Chaparral Steel Company 8-K 2007
Item 1.01 Entry into a Material Definitive Agreement.
On July 10, 2007, Chaparral Steel Company, a Delaware corporation (the Company), entered into an Agreement and Plan of Merger (the Merger Agreement) with Gerdau Ameristeel Corporation, a Canadian corporation (Parent), and GVC, Inc., a Delaware corporation and an indirect wholly owned subsidiary of Parent (Merger Sub), and for certain purposes, Gerdau, S.A., a Brazilian corporation (the Guarantor). Pursuant to the terms of the Merger Agreement, Merger Sub will merge with and into the Company, and as a result the Company will continue as the surviving corporation and a wholly owned subsidiary of Parent (the Merger).
Pursuant to the Merger Agreement, at the effective time of the Merger, each issued and outstanding share of common stock of the Company (the Common Stock), other than (i) shares of Common Stock held by Parent or Merger Sub or any wholly owned subsidiary of Parent or Merger Sub, (ii) shares of Common Stock held in the treasury of the Company or by any wholly owned subsidiary of the Company and (iii) shares of Common Stock owned by any stockholders who are entitled to and who properly exercise appraisal rights under Delaware law, will be converted into the right to receive $86.00 in cash, without interest.
The Merger Agreement has been approved by the sole stockholder of Merger Sub and has been unanimously approved by the board of directors of each of Parent and the Company and the Merger is subject to the approval of the Company's stockholders. In addition, the Merger is subject to other customary closing conditions, including clearance under the Hart-Scott-Rodino Antitrust Improvements Act of 1976 and receipt of any other requisite governmental approvals. The Guarantor provided a guaranty in favor of the Company with respect to the performance by Parent and Merger Sub of their obligations under the Merger Agreement.
The Merger Agreement contains certain termination rights for both the Company and Parent and further provides that, upon termination of the Merger Agreement under certain circumstances relating to competing business combination proposals, the Company may be obligated to pay to Parent a termination fee equal to $95 million. In addition, upon termination of the Merger Agreement under certain circumstances relating to the failure to obtain requisite governmental approvals under antitrust law, Parent may be obligated to pay to the Company a termination fee equal to $225 million.
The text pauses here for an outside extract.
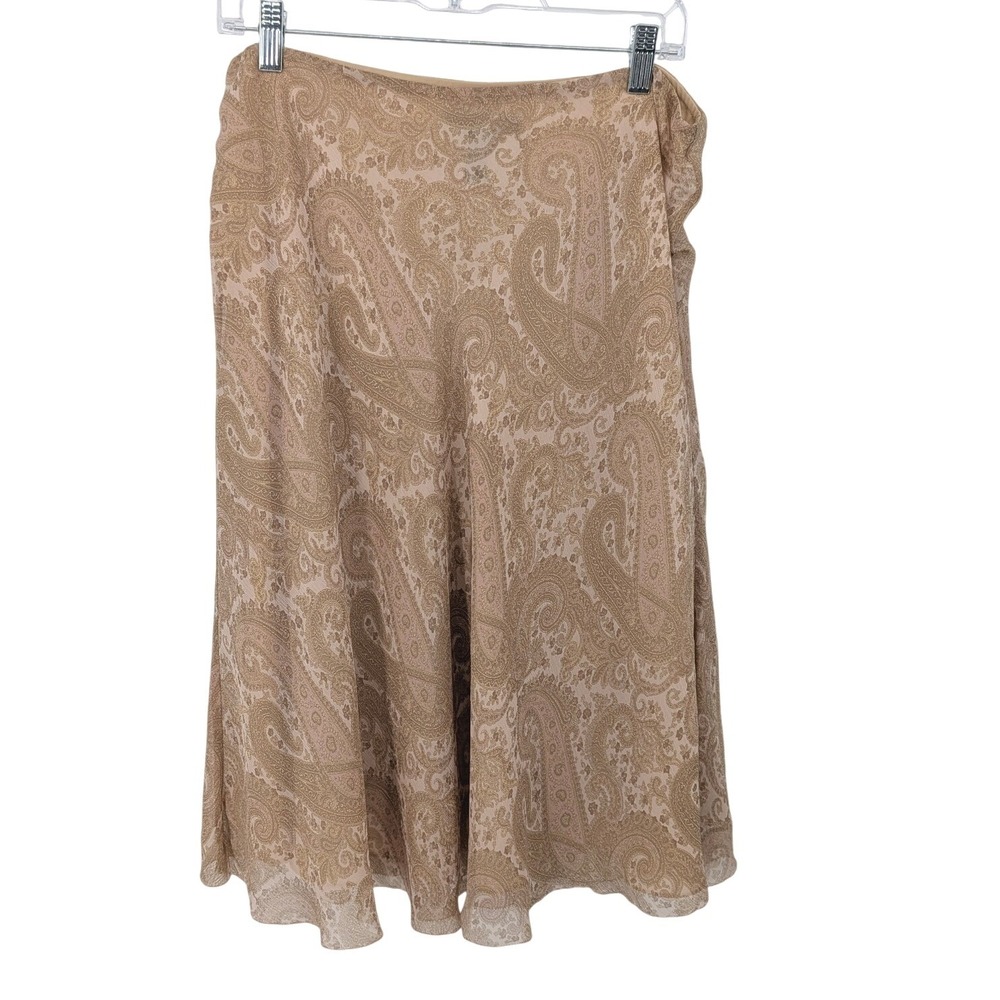 Lauren Ralph Lauren Y2K Silk Skirt Women Medium Tan Paisley Midi Forest Fairy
The foregoing summary of the Merger Agreement and the transactions contemplated thereby does not purport to be complete and is subject to, and qualified in its entirety by, the full text of the Merger Agreement, which is filed as Exhibit 2.1 hereto and incorporated herein by reference.
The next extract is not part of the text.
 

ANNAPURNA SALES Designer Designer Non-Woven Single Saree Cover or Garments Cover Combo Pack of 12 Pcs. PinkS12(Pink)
The Merger Agreement has been filed to provide investors and security holders with information regarding its terms. It is not intended to provide any other factual information about the Company. The representations, warranties and covenants contained in the Merger Agreement were made only for purposes of such agreement and as of specific dates, were solely for the benefit of the parties to such agreement, and may be subject to limitations agreed upon by the contracting parties, including being qualified by confidential disclosures exchanged between the parties in connection with the execution of the Merger Agreement. The representations and warranties may have been made for the purposes of allocating contractual risk between the parties to the Merger Agreement instead of establishing these matters as facts, and may be subject to standards of materiality applicable to the contracting parties that differ from those applicable to investors. Investors are not third-party beneficiaries under the Merger Agreement and should not consider the representations, warranties and covenants or any descriptions thereof as characterizations of the actual state of facts or condition of the Company or Parent or any of their respective subsidiaries or affiliates.
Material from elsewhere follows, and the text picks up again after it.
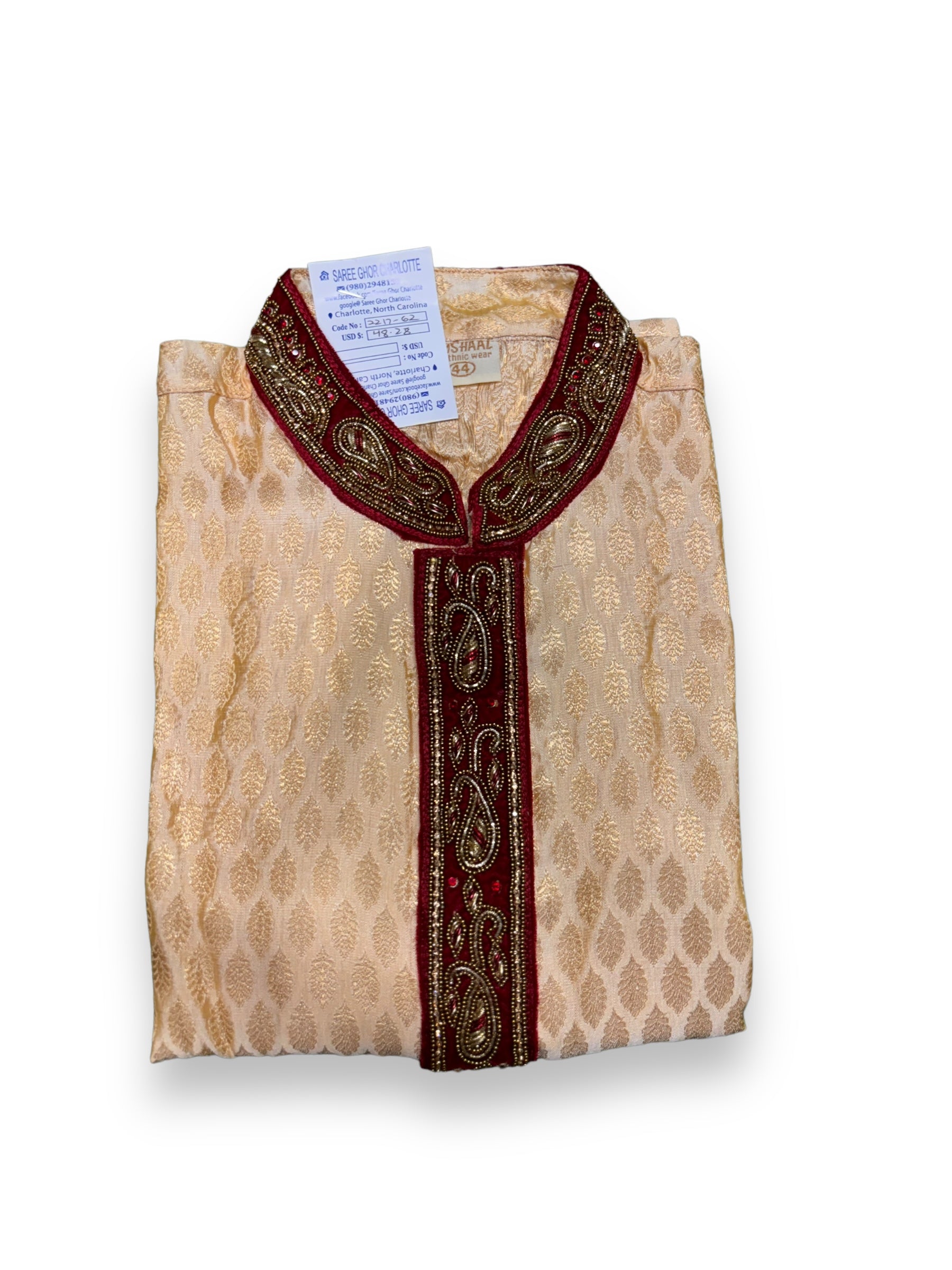 Traditional men's cotton party wear kurta by Saree Ghor Charlotte, beige with intricate embroidery and a classic fit.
The information set forth under Item 3.03 below is incorporated herein by reference.
Item 3.03 Material Modification to Rights of Security Holders.
In connection with the execution of the Merger Agreement, on July 10, 2006, the Company entered into an Amendment (the Rights Agreement Amendment) to its Rights Agreement (the Rights Agreement), dated as of July 29, 2005, by and between the Company and Mellon Investor Services LLC for the purpose of amending the
Rights Agreement to render it inapplicable to the Merger Agreement, the Merger and the other transactions contemplated thereby.
The foregoing summary of the Rights Agreement Amendment does not purport to be complete and is subject to, and qualified in its entirety by, the full text of the Rights Agreement Amendment, which is filed as Exhibit 4.1 hereto and incorporated herein by reference.
Item 7.01 Regulation FD Disclosure.
On July 10, 2007, the Company issued a press release announcing that it had entered into the Merger Agreement. A copy of the press release is filed as Exhibit 99.1 hereto and is incorporated herein by reference.
Pursuant to the requirements of the Securities Exchange Act of 1934, the registrant has duly caused this report to be signed on its behalf by the undersigned hereunto duly authorized.